What would your husband do if you printed the above post out and asked him to read it?

Nucking_Futs
01-29-04, 02:48 AM
I know alot of our problem's come from the kid's ability to divide and conquere us. Our communication skills seem to be slipping lately. Which has alot to do with the new baby, nobody is getting much sleep and lately I have felt attacked when we disagree; but, I have finally been able to tell him and we are working on that one too ( we call it a tactical retreat lol ).

Doug is the only one in our household who does not have ADD. So, he tends to find us a little on the irritating side *smiles. He sees a problem and just attacks it head on. While I step back and look at it from all angles and figure the easiest way around it or will just ignore it all together.

While I do believe the children need structure and persistance; I don't think we should forget the fact that they are kid's. And there is a better way to correct bad behaviour's then screaming and making it sound like the child is bad and not the behaviour.
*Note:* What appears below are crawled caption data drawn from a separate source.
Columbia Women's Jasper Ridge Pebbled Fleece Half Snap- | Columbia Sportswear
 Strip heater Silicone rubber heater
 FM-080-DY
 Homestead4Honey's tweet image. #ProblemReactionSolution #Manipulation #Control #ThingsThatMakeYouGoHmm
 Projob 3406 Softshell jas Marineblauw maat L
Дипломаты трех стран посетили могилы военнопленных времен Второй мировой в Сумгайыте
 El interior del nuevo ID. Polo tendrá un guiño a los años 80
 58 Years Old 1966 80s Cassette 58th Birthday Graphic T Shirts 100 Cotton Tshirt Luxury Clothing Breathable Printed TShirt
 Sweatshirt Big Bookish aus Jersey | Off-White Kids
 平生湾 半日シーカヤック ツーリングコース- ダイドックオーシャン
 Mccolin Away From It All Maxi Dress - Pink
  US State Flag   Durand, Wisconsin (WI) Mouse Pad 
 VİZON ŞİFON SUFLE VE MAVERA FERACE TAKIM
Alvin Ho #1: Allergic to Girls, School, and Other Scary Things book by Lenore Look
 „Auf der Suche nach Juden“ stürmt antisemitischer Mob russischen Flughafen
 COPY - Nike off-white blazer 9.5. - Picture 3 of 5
I know I'm overprotective and as my husband puts it "need to cut the apron strings" in my head but my heart says something completly different.

So, yes we need to regroup and figure out how we are going to work as a team instead of against each other. Otherwise, I don't see us surviving the teen years with our sanity intact. And no I won't be showing this post to Doug, I'll tell him some about it but I was a little too harsh on the big guy and don't want to hurt his feeling's.

Nucking_Futs
02-03-04, 01:21 AM
Today, is the first day we implemented our contract with our son and daughter as well as with each other. And ummmm ya know I have found there is one word not in the average ADD'ers vocabulary PERSISTANCE lol. But, we'll get the hang of it I"m sure.